A bit of History...
Interest in keyboard instruments with dynamic and timbre control has a long history. The 15th century clavichord, although very quiet, provided dynamic control over individual notes as well as a sort of "aftertouch." By varying the amount of pressure on a key after initially striking it, the performer could produce a vibrato. The 18th and 19th century piano was loud enough to fill a recital hall, and it too provided dynamic control over the individual notes in a chord. To this day the piano remains the most popular acoustic keyboard instrument. However, the limitations of the piano action make crescendo and vibrato during sustained notes impossible.
In 1928 Maurice Martenot developed the Ondes Martenot, a monophonic instrument similar in sound to the Theremin. More information about this expressive instrument can be found here.

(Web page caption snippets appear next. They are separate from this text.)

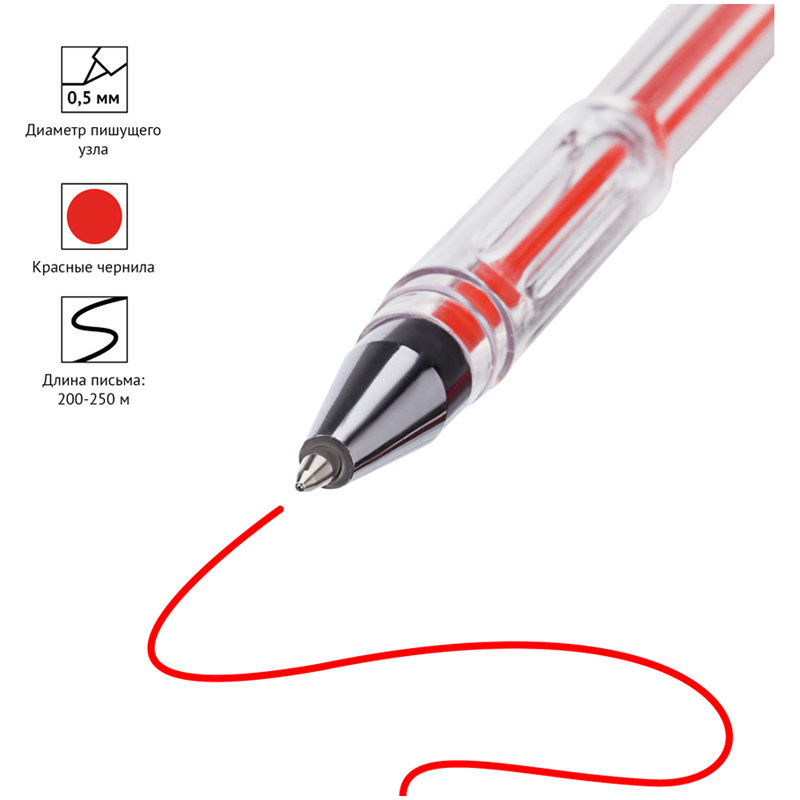 Ручка гелевая красная "OfficeSpace" 0.5мм. /12/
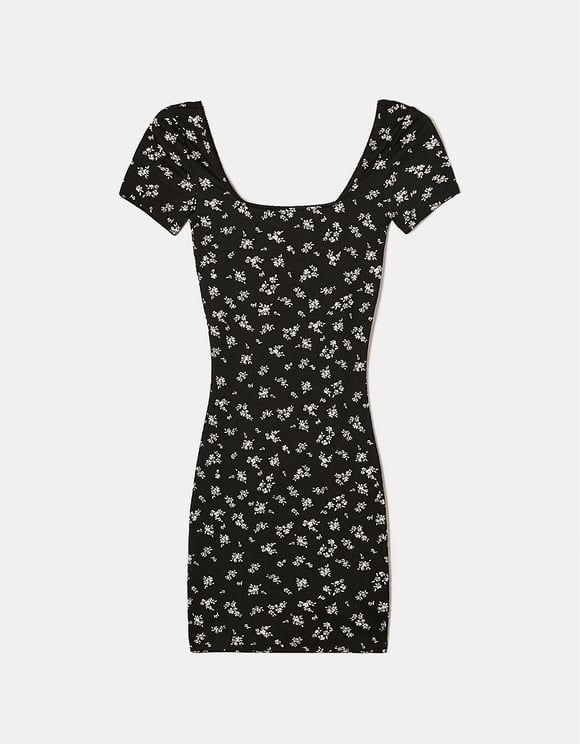 Ladies Floral Pattern Fitted Mini Dress-Ghost Front View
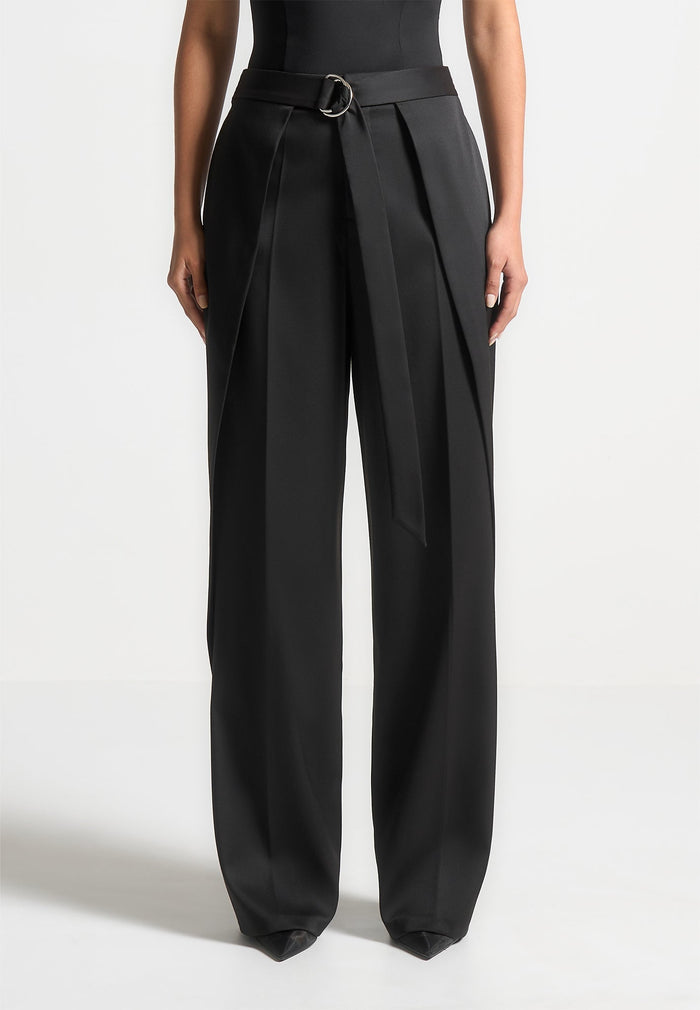 foldover-sateen-trousers-with-d-ring-belt-black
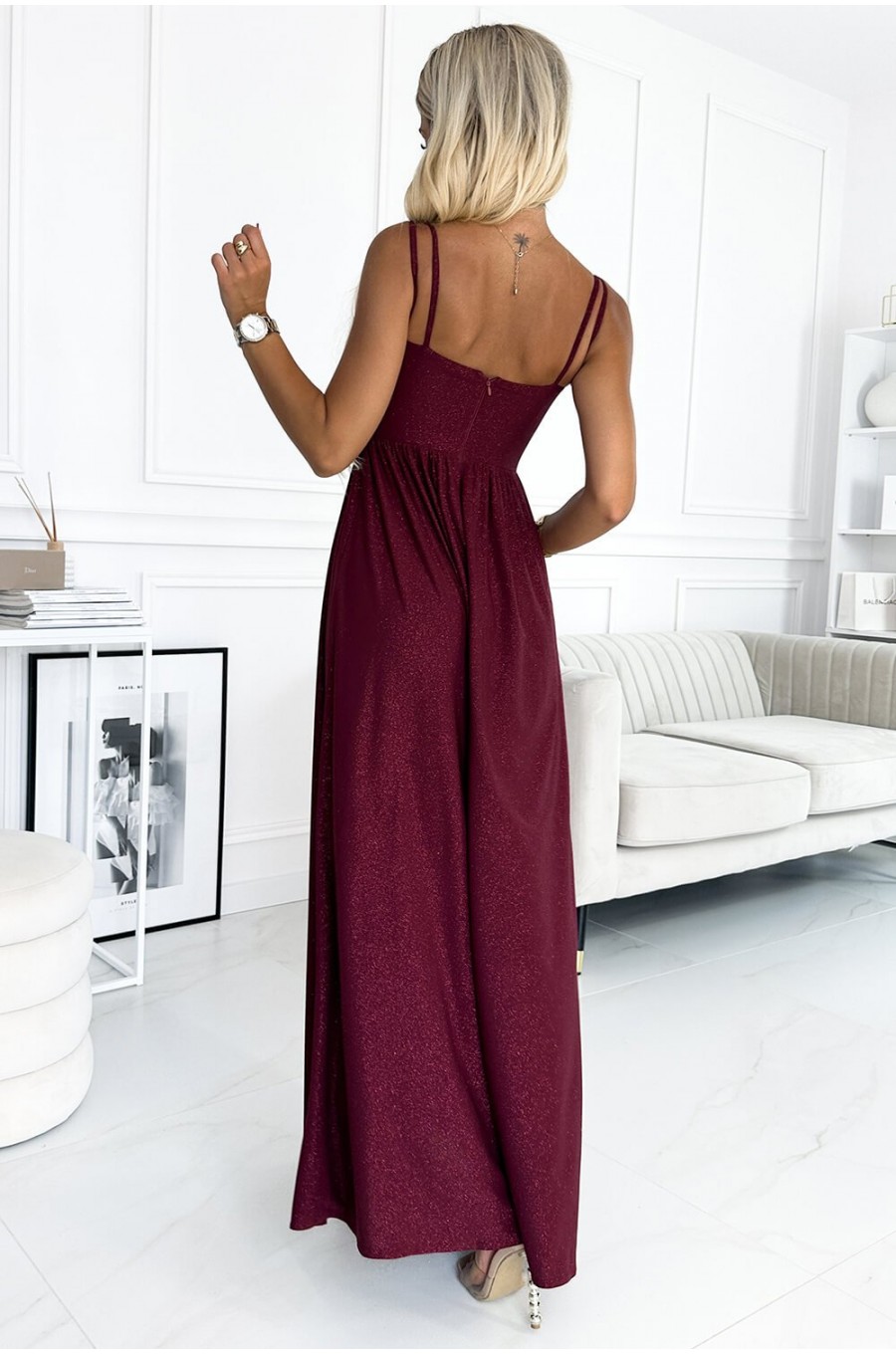 Rochie lunga din brocard burgundy crapata pe picior Carlyn 2 - dyandra.ro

More recently, analog synthesizers often had ribbon controllers. These provided one-dimensional continuous control but could not track more than one finger. Some modern electronic keyboards offer key velocity and polyphonic aftertouch. These capabilities are extended by certain experimental keyboards, such as Moog's Clavier (Moog 1982), which also measures additional parameters including the exact horizontal and vertical location of the finger on each key. Several other innovative keyboard designs have been developed over the last two decades (Snell 1983, Johnstone 1985, Keislar 1987, Fortuin 1995).
Our work on the Continuum Fingerboard began in the early 1980s, with initial attempts incorporating photoelastics, conductive rubber, and capacitive techniques (Haken, Abdullah, and Smart 1992). These initial attempts were of limited success compared to our more recent approach that resulted in the current Continuum Fingerboard production models. This new approach is outlined below.
The Continuum Fingerboard
The Continuum Fingerboard, though roughly the size of a standard piano keyboard, is a continuous playing surface rather than a keyboard. The playing surface is constructed using 256 rods (128 for the half-sized), each 5.75 inches (14.6 cm) long, mounted on piano-wire springs. The rods are covered by neoprene and fabric so that the performer has the impression of a continuous surface rather than discrete keys. A magnet is mounted at both ends of each rod, and the rods are placed between two rows of Hall-effect sensors.
Hall Effect Sensors
Figure 1 shows a portion of the mechanical design of the Continuum Fingerboard's playing surface. The Hall-effect sensors are used to measure the positions of the magnets. When the performer applies finger pressure, the rods under the finger are depressed, and the magnets on those rods move closer to the sensors.
Figure 1: The Continuum Fingerboard uses Hall-effect sensors to detect the positions of magnets mounted on each rod.
Scanning software running on the Continuum Fingerboard's internal computer detects fingers by looking for any bar that has normalized sensor values greater than both of its neighboring bars. We call this the center bar, and the neighboring bars the left bar and right bar. The x, y, z position of the finger is calculated from the six sensor values on these three bars as follows.
The software tracks the front-to-back position (y position) using the normalized sensor values of the three back sensors divided by the normalized sensor values of all six sensors on the left, center, and right bars.
The exact pitch (x position) and finger pressure (z position) is computed using parabolic interpolation. A parabola is drawn through the normalized sensor values of the left, center, and right bars. The location of the minimum point of this parabola provides the x and z position of the note.
Figure 2 illustrates the use of these parabolas in detecting x variation during vibrato. In this example the center bar is always the same bar--it is always more depressed than its right and left neighbor. Still, the x position is accurately tracked as the performer rocks the finger back and forth, because the movement of the neighboring bars affects the minimum point of the parabola.
Figure 2: Exact pitch tracking using parabolic interpolation: A finger rocking left, centered, and rocking right.
Figure 3 shows fingers on the Continuum Fingerboard's playing surface, and the corresponding display on a computer screen. This computer output is used during the construction phase of the Continuum. The computer screen has a vertical line for each sensor. The length of the line corresponds to the normalized sensor value. Lines for the front sensors go down from the center of the display; lines for the back sensors go up. The display is updated as fingers move. This display information is the basis for the Midi interpretation of the performer's finger placements.
Figure 3: Fingers on the Continuum Fingerboard's playing surface, and the corresponding screen display showing normalized sensor values. The performer is using fingers 1 and 3 on the right hand and fingers 1, 2, and 4 on the left hand.